Rennes ! Que vous dire, sinon qu'une rivière coule en son milieu et qu'elle est bien plus jolie que le nom qu'elle porte. « Ouest-torchon » une institution du coin sise rue du pré-Botté pond moult lignes ces temps-ci sur ce sujet rigolo : on projette de doter d'un nom exotique les résidents de notre district : les Breizh-iliens !
Lorsque s'en vient le jour où le Seigneur se repose, je me promène souvent le long des péniches en file indienne qui semblent indiquer, telles les pierres du Petit Poucet sur le sentier du bois, le chemin du centre ville. Comment vous décrire mes coups de cœur, mes tours et détours, mes points de chute ? Que vous dire de cette ville que je chéris si fortement ?

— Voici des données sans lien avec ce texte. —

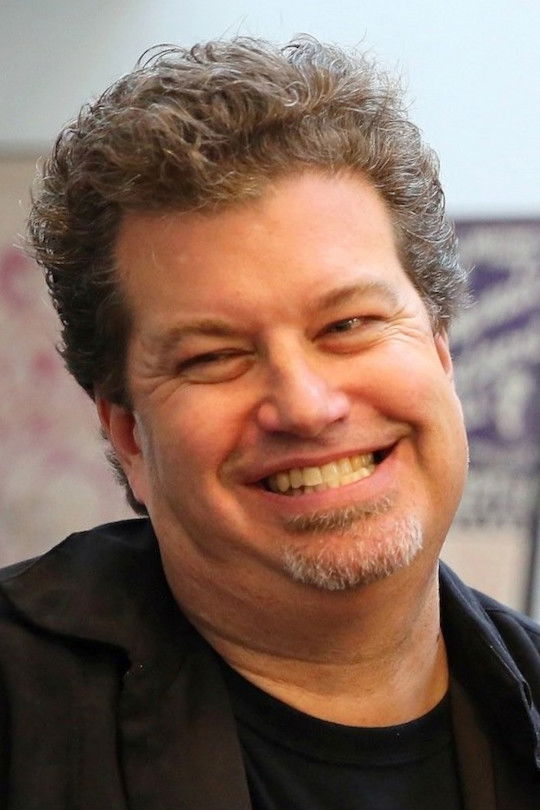 et billede af Gary Ryan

Peste soit des Oulipiens, de leur liposuccion kilométrique et de leurs jeux cons-cons ! Mon lexique est restreint d'une voyelle rien moins qu'essentielle et c'est bien ennuyeux de devoir l'éviter ! Peut-être est-il plus simple d'énoncer poétiquement, en peu de sons, tout comme le font les poètes nippons, ces lieux qui me séduisent, ces coins de verdure qui me revigorent, ces étendues cernées de logis où l'on peut voir de jeunes mômes juchés sur des bêtes de bois, (cygne, lion, jument très Disney-Poppinsienne , bidet noir ou gris ou beige que, ni hic ni nunc ni oncques l'on n'entendit hennir ou gémir) ou bien grimpés sur des véhicules divers : gros truck rouge de pompier, zinc dénommé « Petit prince », etc ? (Goûtez-vous comme le périph' coupe le poil ici?)

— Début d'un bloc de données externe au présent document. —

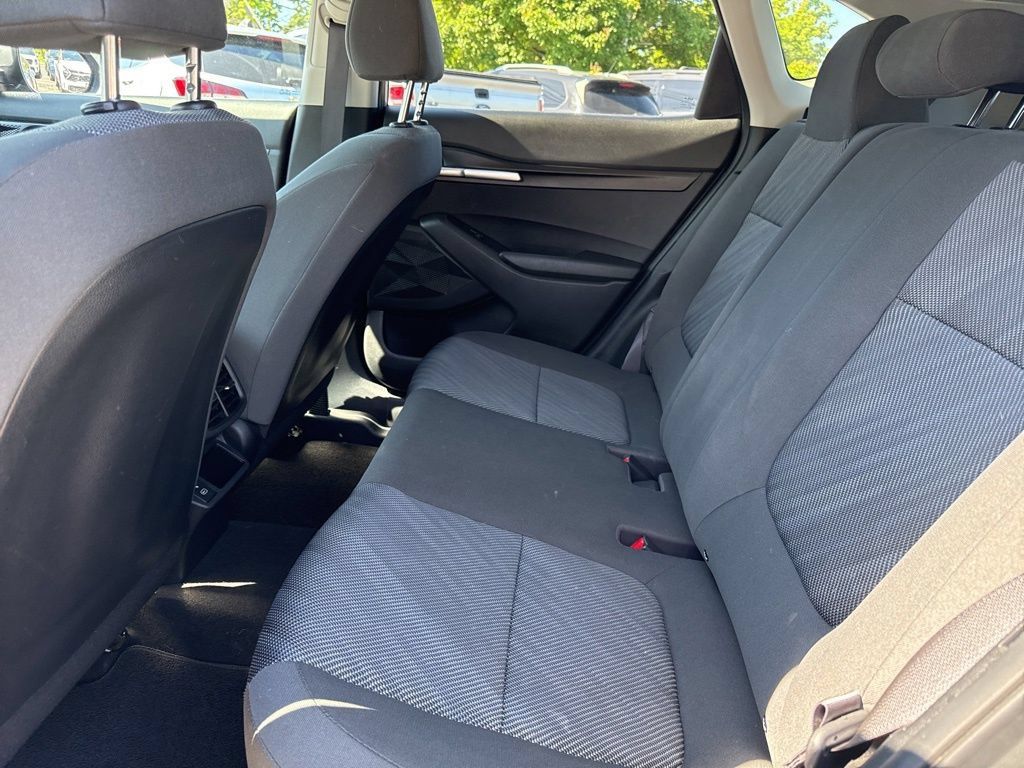 Certified 2024 Kia Seltos LX AWD/4WD image 15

Je commence donc cet énoncé de lieux "indicibles" de Rennes que l'on peut considérer, si on le désire, comme une suite de devinettes (très géocentrées, indeed forcément, beloved Joye !) :
Orphée pétrifié :
Hermès enlève Eurydice
Et court vers l'Enfer
Déesse des nuits
Ton chemin cynégétique
Epuise tes chiens
Un dieu et neuf muses
Se sont perchés sur le toit :
On joue « Othello »
Mère du Seigneur
Reine chérie des Bretons
Ce lieu t'est dédié
(On y vend de vieux bouquins,
Les mômes y tournent en rond)
Les rues sont désertes
Doucement le soleil pointe
Le bout de son nez
Tête découpée,
Victime d'un sculpteur fou
Rue de Coëtquen
Vénus dénudées,
Coloriées pour, nous dit-on,
Trouver nos voitures
(C'est nous supposer ivrognes :
On ne boit que du jus d'fruit !)
Volière importée
Edifice un peu chinois
Chez monsieur Bühler
Ici, sous le kiosque,
Combien de temps, les scottishs ?
Le biniou s'en fout.
Ce Georges Pérec et ses émules, décidément, quels chieurs ce sont (Sévigné) !
P.S. Le titre de ce texte fait référence à celui d'une chanson des Sparks. (On se venge comme on peut des consignes tordues de son voisin du dessus !).